Short web captions:
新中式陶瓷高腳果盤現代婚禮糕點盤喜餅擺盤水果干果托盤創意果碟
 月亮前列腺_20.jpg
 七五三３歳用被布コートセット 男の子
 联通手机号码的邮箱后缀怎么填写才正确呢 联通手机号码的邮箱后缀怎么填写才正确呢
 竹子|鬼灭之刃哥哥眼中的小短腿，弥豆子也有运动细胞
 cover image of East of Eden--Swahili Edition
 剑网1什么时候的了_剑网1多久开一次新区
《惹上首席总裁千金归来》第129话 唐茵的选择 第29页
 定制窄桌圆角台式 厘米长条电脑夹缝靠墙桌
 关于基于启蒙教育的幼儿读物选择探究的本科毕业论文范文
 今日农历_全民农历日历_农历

PROBLEM TO WORK ON: Restate the records in full, keeping every word as it is.

RESPONSE TO THIS EXERCISE:
新中式陶瓷高腳果盤現代婚禮糕點盤喜餅擺盤水果干果托盤創意果碟
 月亮前列腺_20.jpg
 七五三３歳用被布コートセット 男の子
 联通手机号码的邮箱后缀怎么填写才正确呢 联通手机号码的邮箱后缀怎么填写才正确呢
 竹子|鬼灭之刃哥哥眼中的小短腿，弥豆子也有运动细胞
 cover image of East of Eden--Swahili Edition
 剑网1什么时候的了_剑网1多久开一次新区
《惹上首席总裁千金归来》第129话 唐茵的选择 第29页
 定制窄桌圆角台式 厘米长条电脑夹缝靠墙桌
 关于基于启蒙教育的幼儿读物选择探究的本科毕业论文范文
 今日农历_全民农历日历_农历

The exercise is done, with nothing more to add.